WHAT IS REQUIRED: Everything from the line with "Trois femmes en" to the final line of the entries is to be set down exactly, except the pictures.

RECORDS PROVIDED:
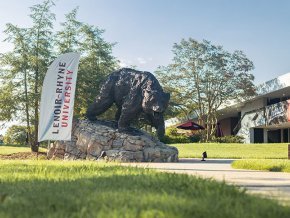 The Charge statue next to a Lenoir Rhyne Banner and Cromer Center in the background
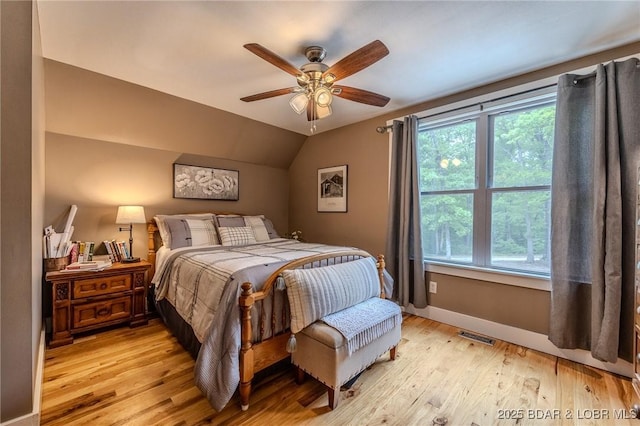 bedroom featuring light wood-style floors, baseboards, vaulted ceiling, and visible vents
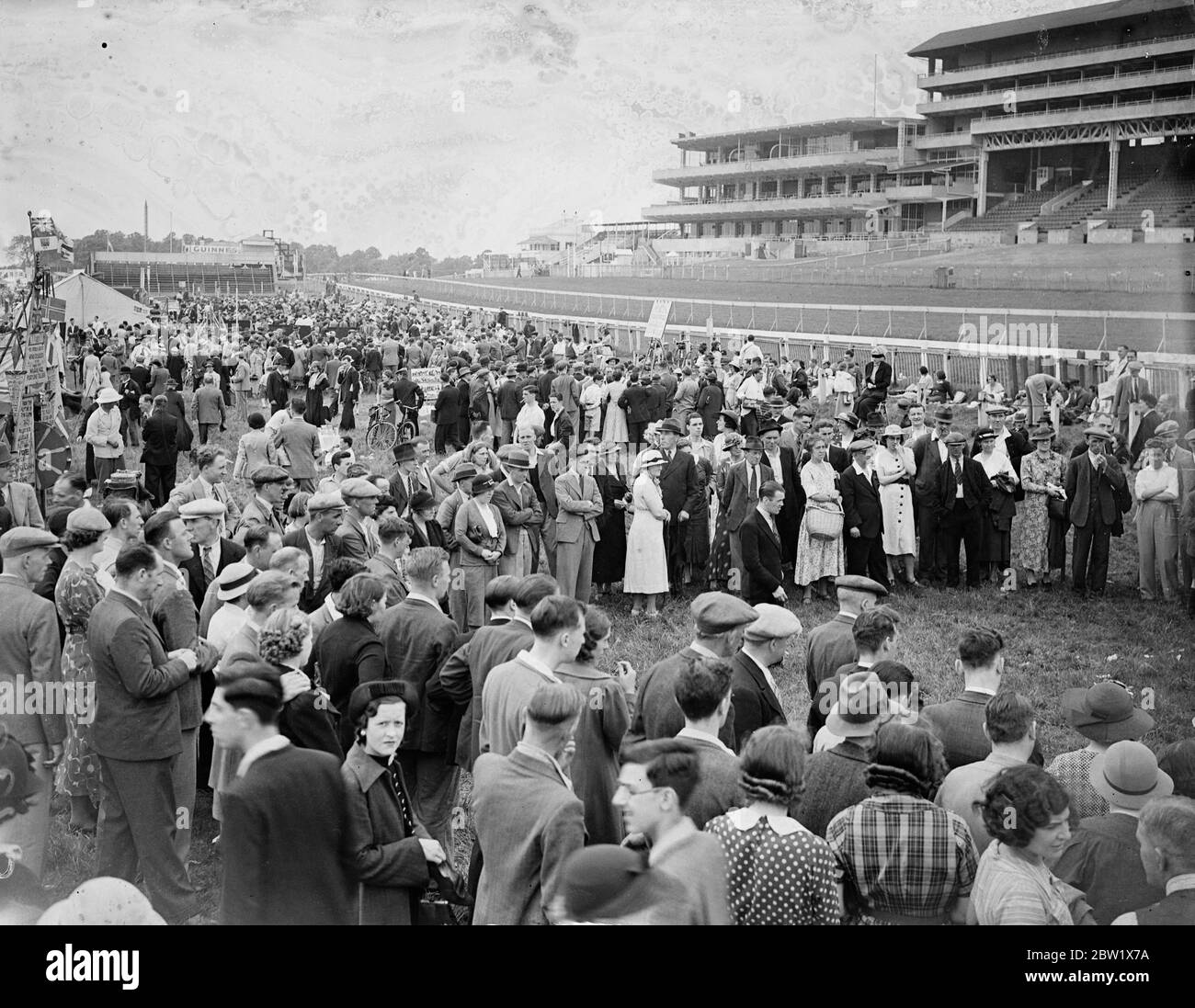 Grandi folle di Derby Domenica dal corso Epsom. Favorita dal tempo estivo reale, grandi folle si sono riunite per ispezionare il corso di Derby a Epsom oggi (Domenica di Derby). Tutte le figure colorate che rendono l'evento più famoso di Derby Day Racing, erano sul campo. Spettacoli fotografici, la grande folla di Derby Domenica che sfrontano il corso a Epsom. 30 maggio 1937 Foto Stock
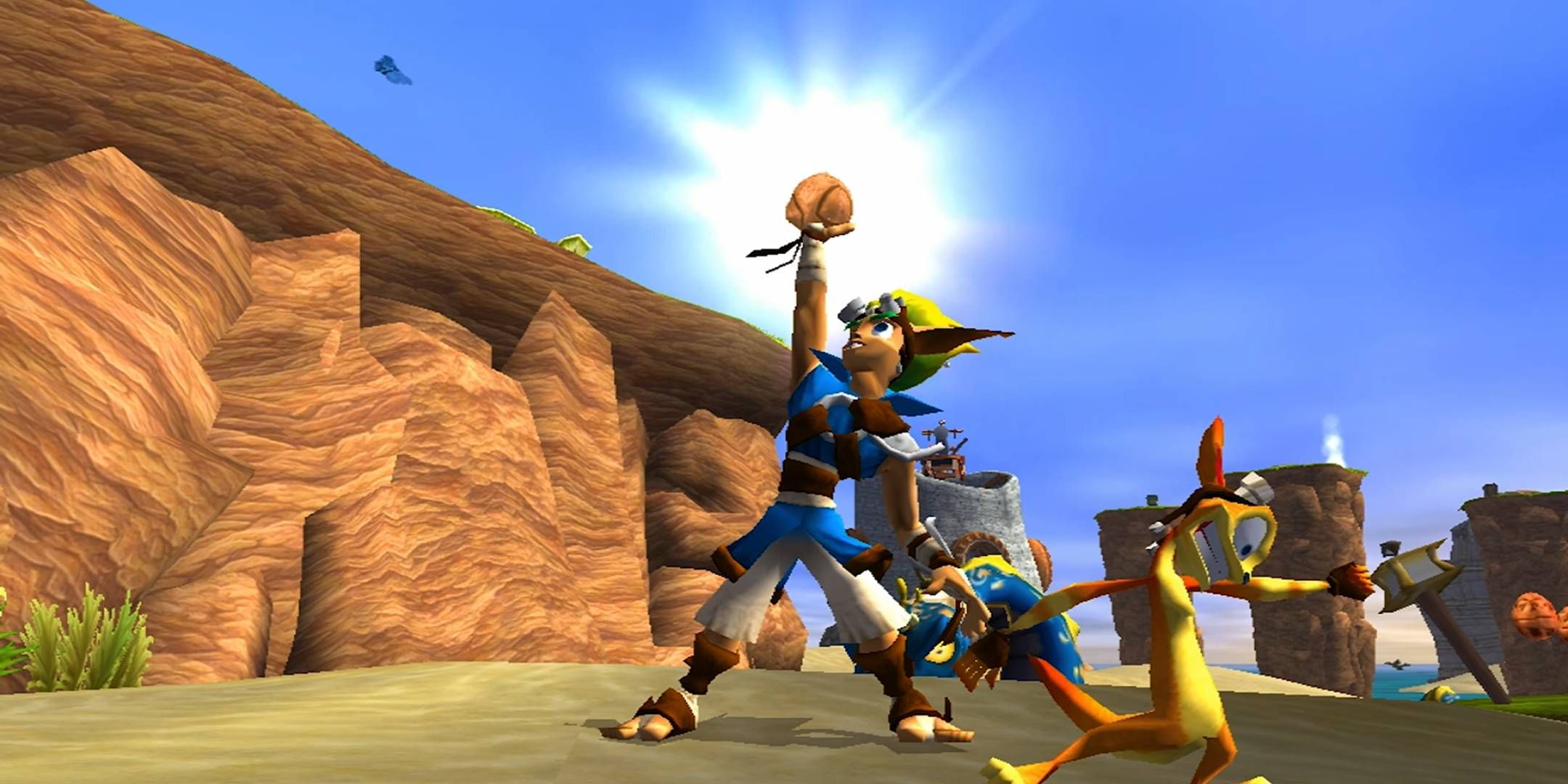 Jak grabbing a power cell on a beach as Daxter dances in Jak and Daxter.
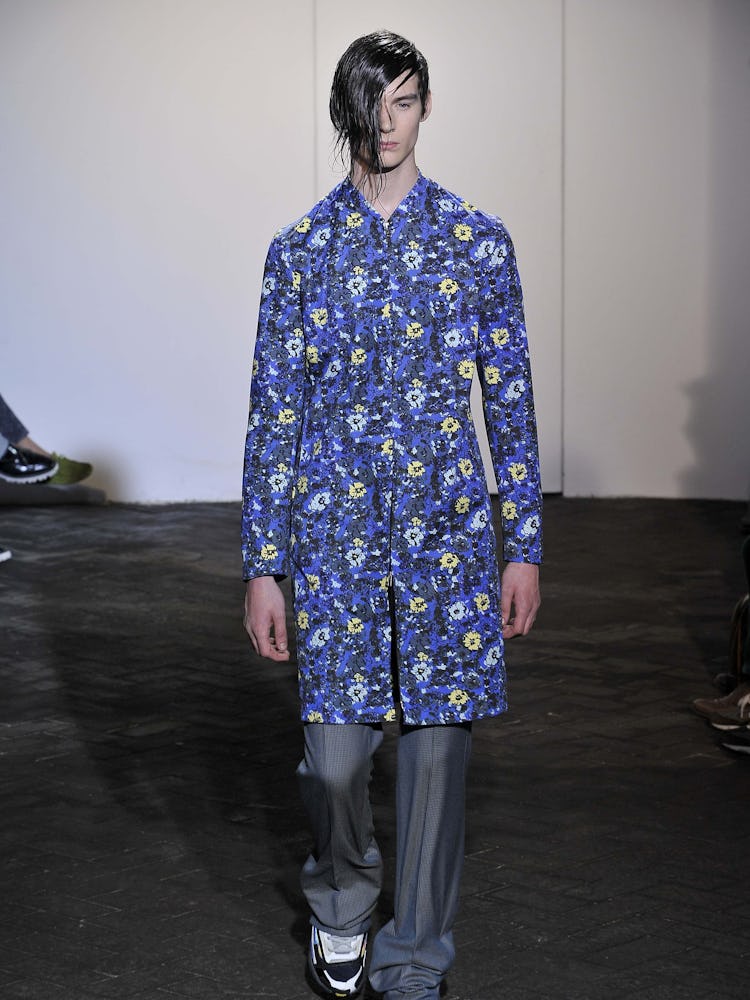 A model walking the runway in a blue floral shirt from Raf Simons' Spring 2013 collection
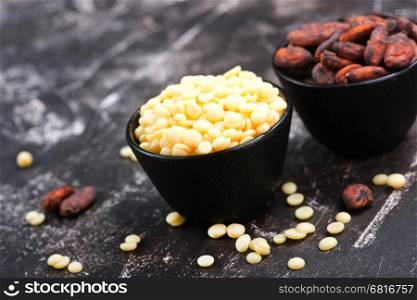 cocoa butter and beans on a table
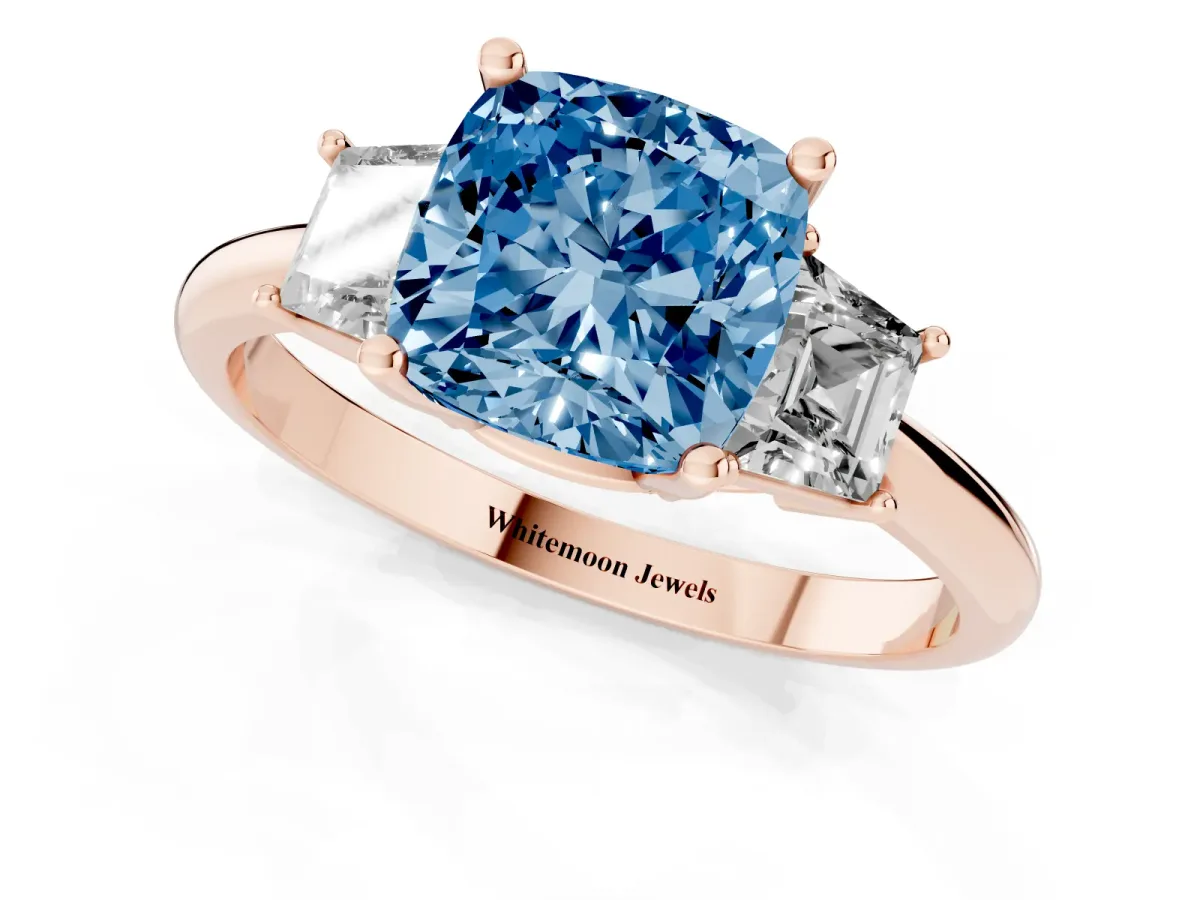 Fancy Blue Cushion Cut Diamond Three-Stone Ring with Trapezoid Side Stones and Prong Setting Rose gold
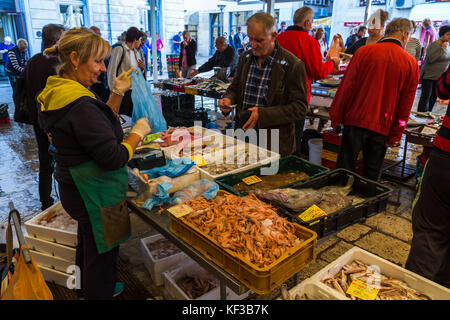 A customer hands over paper notes to a woman who's bagged up his order of freshly caught fish in Split's bustling fish market one autumn morning. Stock Photo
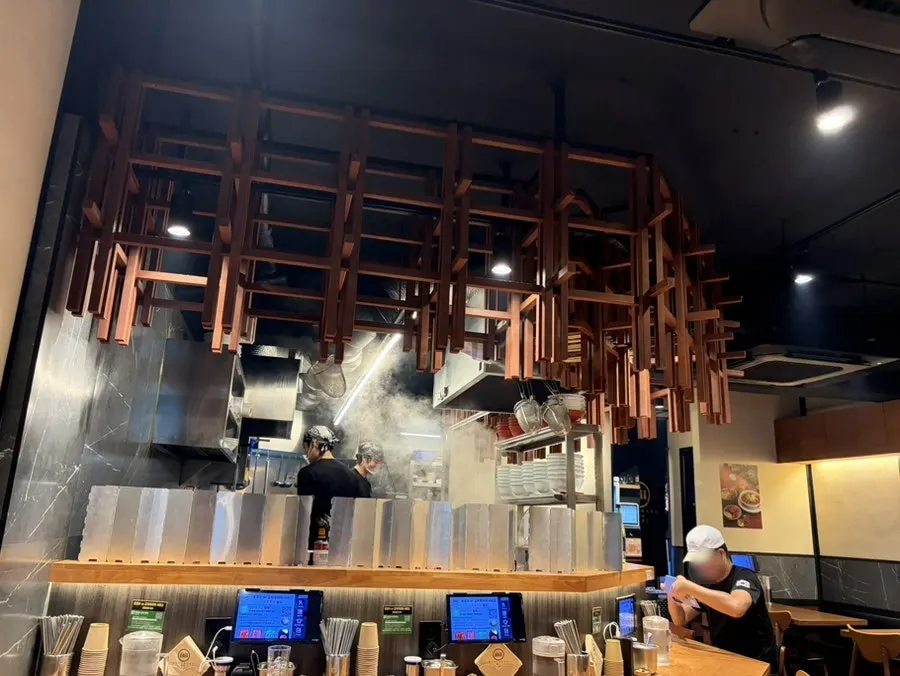 Interior of Mentsuru showing the open kitchen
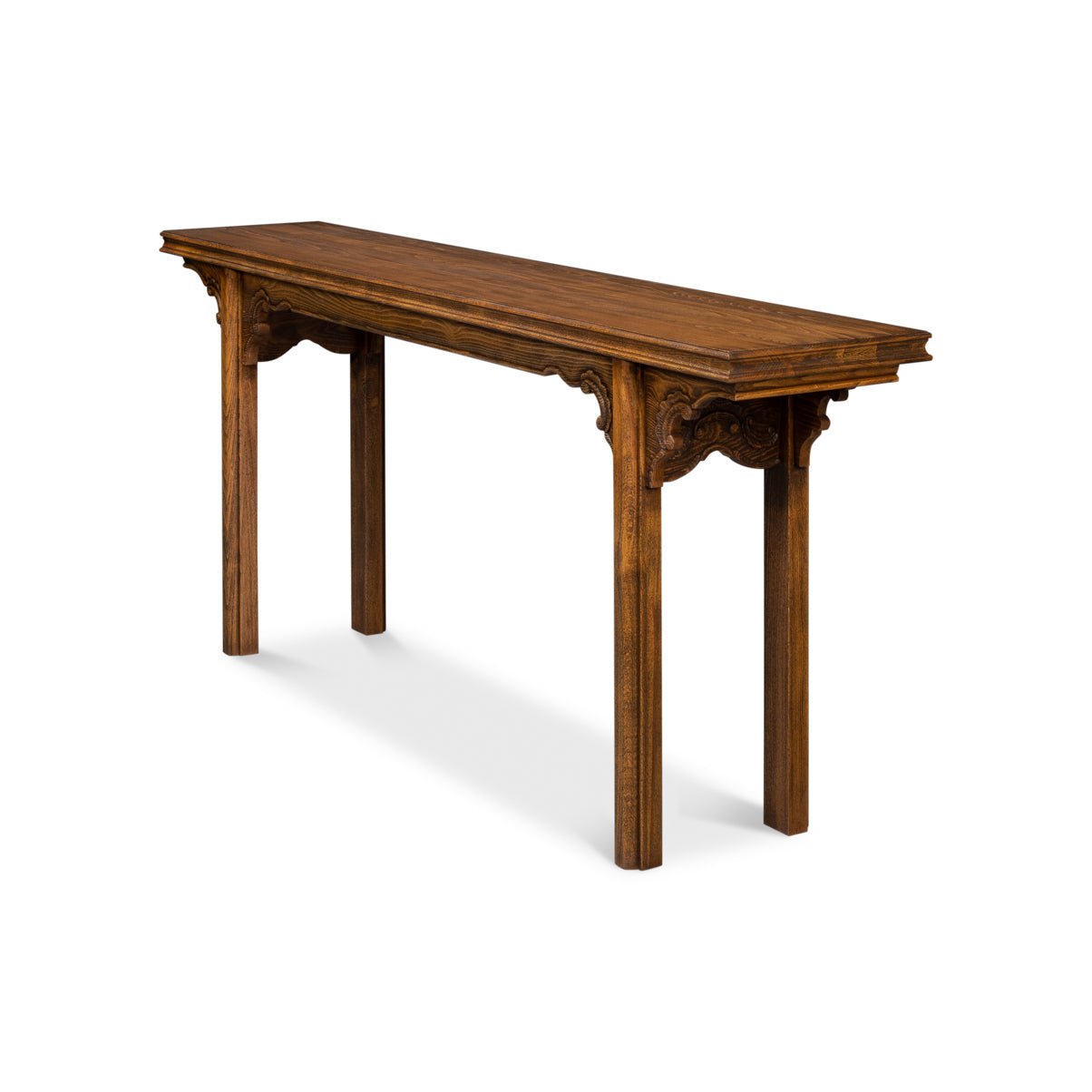 Angled view of carved console highlighting intricate leg detail.
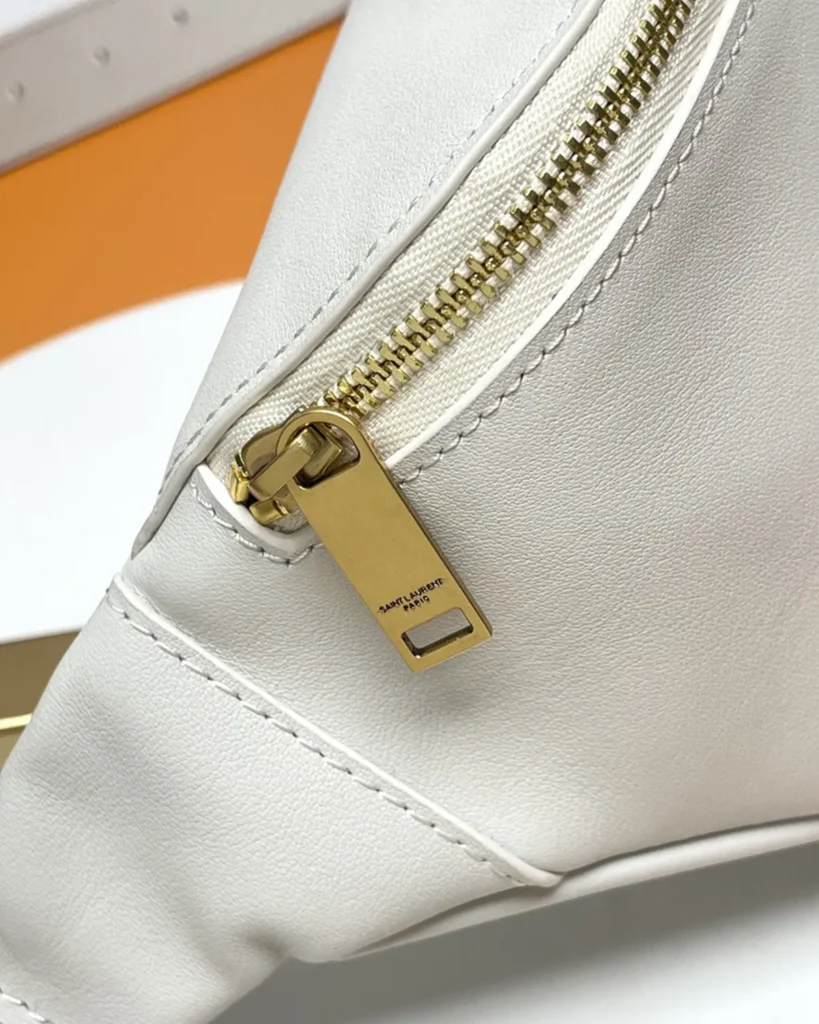 Cream Smooth-Look Zip Belt Bag — zipper detail view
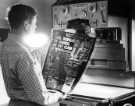 Negative of a front page being inspected in the process department, Sheffield Newspapers Ltd., York Street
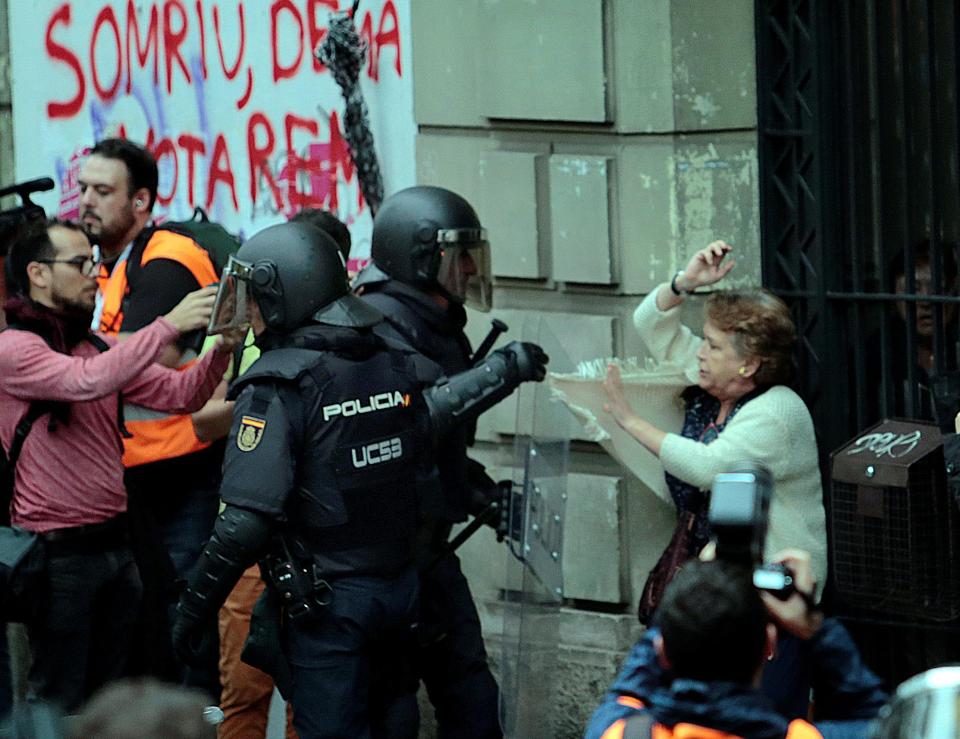  A cop grabs at a woman's clothes during ugly scenes in Catalonia today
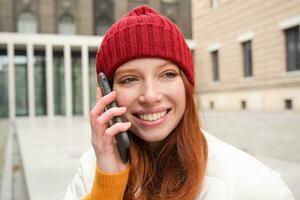 móvil conexión y personas concepto. contento pelirrojo mujer en sombrero, negociaciones en móvil teléfono, haciendo teléfono llamar, utilizando aplicación a llamada extranjero foto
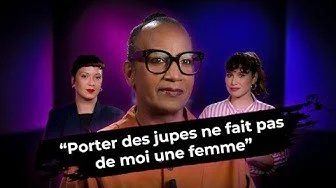 Trois femmes en studio avec un fond violet et bleu, deux d'entre elles en arrière-plan, tenant une bannière qui dit : « Porter des jupes ne fait pas de moi une femme ».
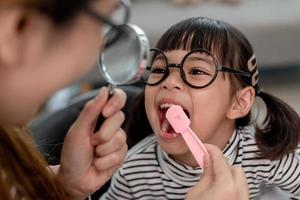 linda criança asiática brincando com conjunto de brinquedos médico dentista, criança mostra como limpar e cuidar dos dentes. odontologia e medicina, foto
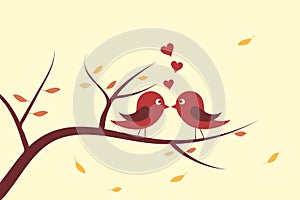 Cute bird in love on autumn day kissing on branches with dry and fallen leaves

RESPONSE FOR THIS EXERCISE:
 Trois femmes en studio avec un fond violet et bleu, deux d'entre elles en arrière-plan, tenant une bannière qui dit : « Porter des jupes ne fait pas de moi une femme ».
 linda criança asiática brincando com conjunto de brinquedos médico dentista, criança mostra como limpar e cuidar dos dentes. odontologia e medicina, foto
 Cute bird in love on autumn day kissing on branches with dry and fallen leaves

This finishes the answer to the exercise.